В случае с Мариной, ситуация формировалась следующим образом. Ее мама вышла замуж по расчету и родила, чтобы удержать мужа. Он хотел ребенка, но еще больше хотел свободы и независимости. Ребенок не сумел его удержать и отец довольно быстро создал параллельную семью, куда в итоге и перебрался. Мама Марины была глубоко разочарована, «материнский проект» завершился, не принеся никаких дивидендов. О любви, заботе и ласке речи не шло. Ребенок обучился быть незаметным, занимать как можно меньше места, говорить очень тихим голосом. Дочь подолгу аккуратно носила одну и ту же одежду, не просила новых игрушек, была неприхотлива в еде. Ребенок-привидение, который не справился со своей миссией и теперь старается быть незаметным в обмен на мамину редкую похвалу (или хотя бы отсутствие придирок). В других условиях он был бы, возможно, активным, веселым, подвижным, но в этой конкретной семейной системе он убирает свою энергию в шкафчик и целыми днями занимается тихими играми. Его поведение – это сувенир для мамы, чтобы ей было приятно. Слепленный, склеенный из самого себя. Самая дорогая поделка на свете.
Другой важный признак «сувенирности» – незавершенность, невозможность выстроить окончательно баланс между «брать» и «давать». Ребенок все время будет получать меньше, чем вложился. Это будет озвучиваться громко, четко, чтобы у него не было даже иллюзий, что он справился, что он молодец. Например, Марина рассказывает: «Мама никогда не была довольна, хотя я вела себя очень тихо, была самостоятельной и неприхотливой. Вечерами я была предоставлена самой себе до того момента, как мама входила во двор. За то время, что она поднималась в квартиру, нужно было повесить на телевизор вязаную салфетку, закрывавшую экран, убрать с пола все игрушки и поставить книжки обратно на полки. Кровать должна была быть заправленной и на ней не должно было оставаться вмятин. Мама сердилась, если замечала, что я без нее валялась на кровати. Ключи от дома должны были висеть на специальном крючке возле двери. У меня в голове был список того, что надо проверить, но мама регулярно добавляла в него еще что-нибудь. Порядок и пятерки воспринимались ей, как что-то естественное, а любая деталь типа незакрытой дверцы шкафа вызывала в ней приступ гнева».

РАЗВИТИЕ
Хорошо сработав один раз, этот прием – предоставить другому то, в чем он нуждается, взяв взамен внимание – начинается применяться и в других пространствах.

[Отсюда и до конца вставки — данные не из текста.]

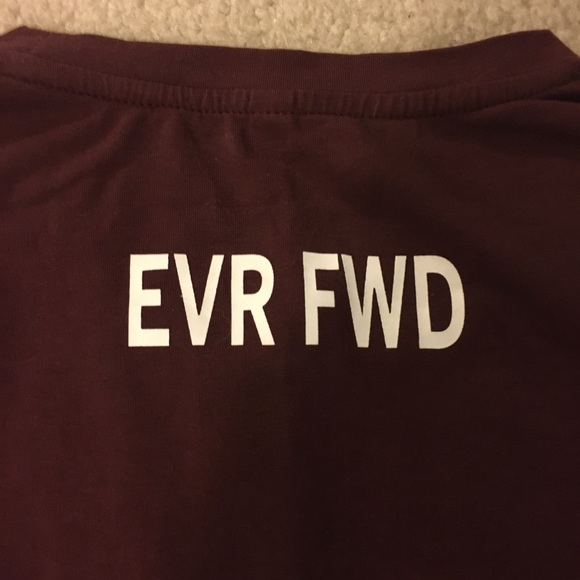 Ever Forward Big Logo Performance Tee MAROON - Picture 5 of 5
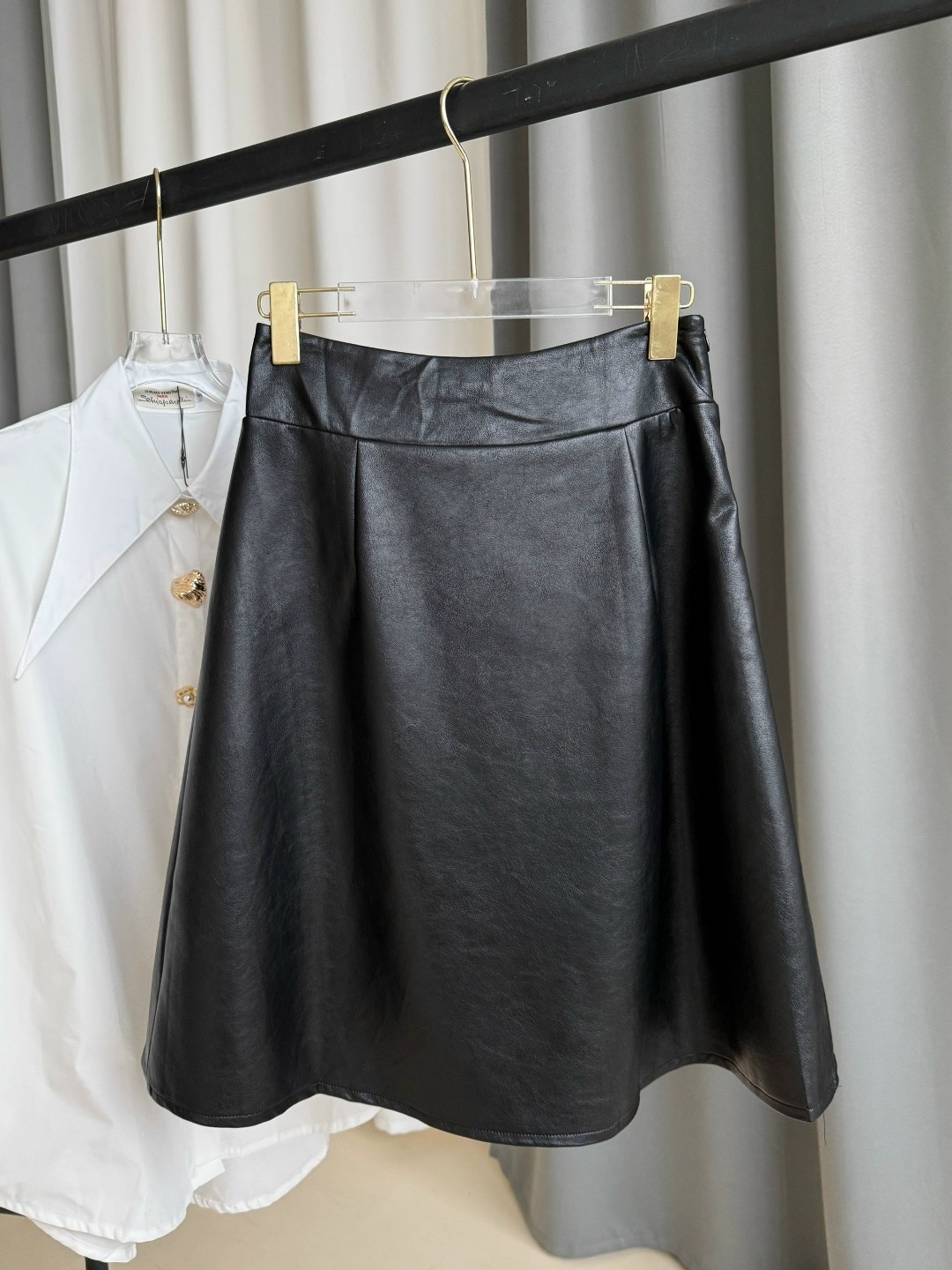 юбка кожаная,женская юбка кожаная,юбка из натуральной кожи,юбка из искусственной кожи,юбка версаче черная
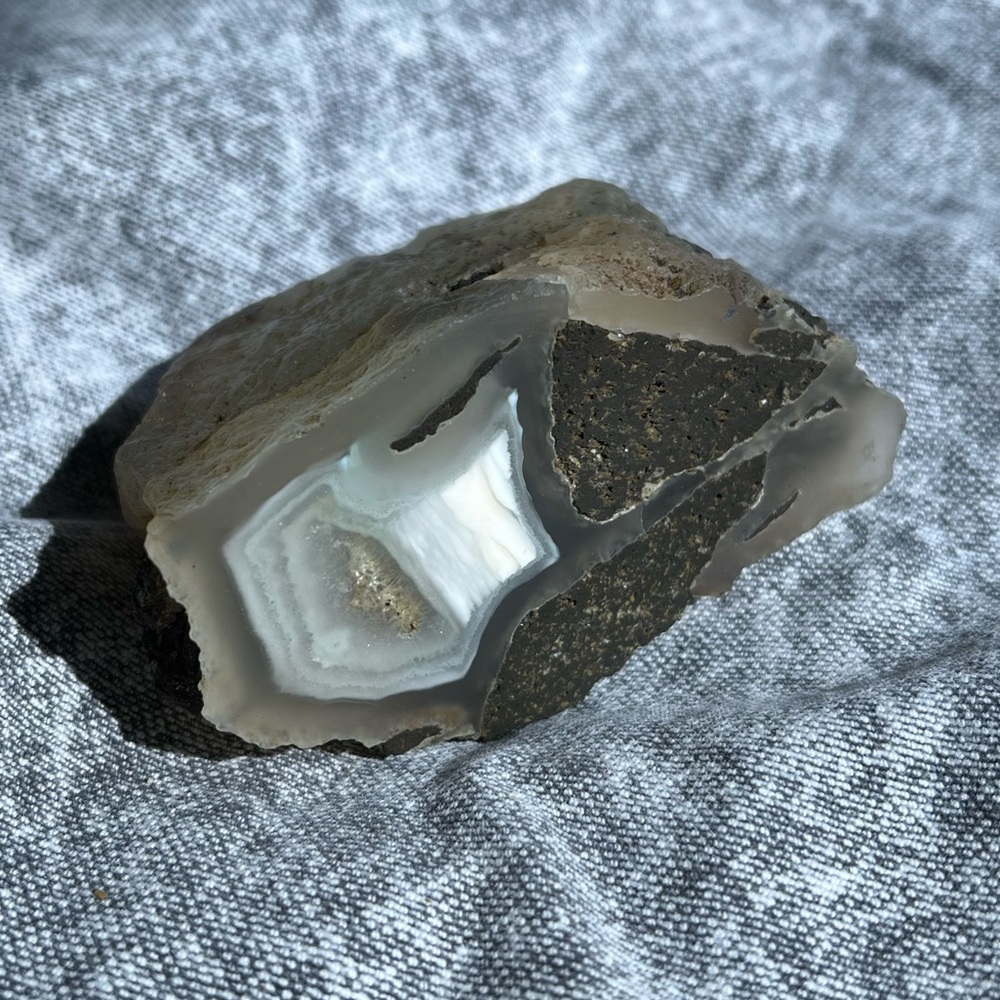 Thunderegg Oregon lava crystal mineral natural home mantle decor gemstone bundle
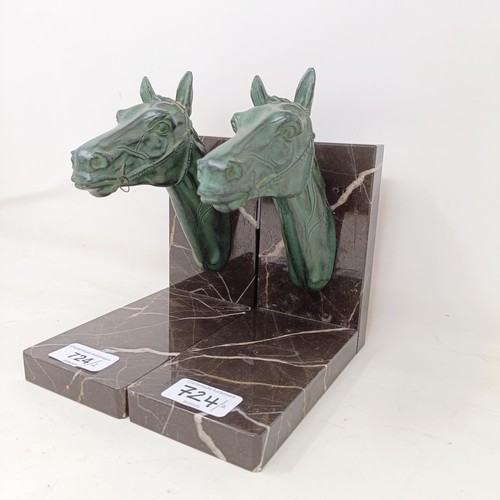 724 - A pair of marble and spelter bookends, in the form horse heads, 17 cm wide (2)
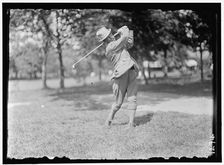 Walter Travis playing golf, between 1909 and 1914. Creator: Harris & Ewing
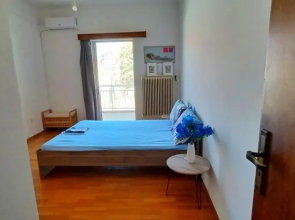 Falon's apartment room 1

Одногруппникам в детском саду, одноклассникам, друзьям и коллегам могут доставаться «сувениры» поскромнее, но сам механизм от этого не меняется. Возможно, человек обнаруживает, что есть универсальные доры, которые подходят многим. Например, стать душой компании или быть всегда готовым помочь, безотказным, сочувствующим. Для близких и важных людей черты собственной личности подравниваются, шлифуются, кроятся с особенной тщательностью. Затрагиваются даже такие прочные, казалось бы, прочные и незыблемые вещи, как темп и скорость движений. Человек приучает себя двигаться быстрее или медленнее в зависимости от ожиданий и нужд тех, кто ему важен и нужен. К взрослому возрасту от него самого остается совсем немного, самая малость. Остальное представляет из себя лоскутное одеяло из разных, не согласованных между собой и нередко противоречащих друг другу особенностей. Если собрать в комнате его знакомых и попросить их написать психологический портрет, у вас получится образ удобной и хорошей девочки – гладкий, как морская галька. А близкие люди, к которым ей приходилось себя подстраивать, могут, наоборот, рассказывать о каком-то монстре, с которым невозможно иметь дела. Это несовпадение связано с тем, что с каждым из своего близкого круга человек, раздающий сувениры, контактирует только той частью, которую он для него из себя скроил. Совокупность внимания, тепла и поддержки, которую он за это получает, настолько недостаточна, что он едва балансирует на грани эмоционального «голода».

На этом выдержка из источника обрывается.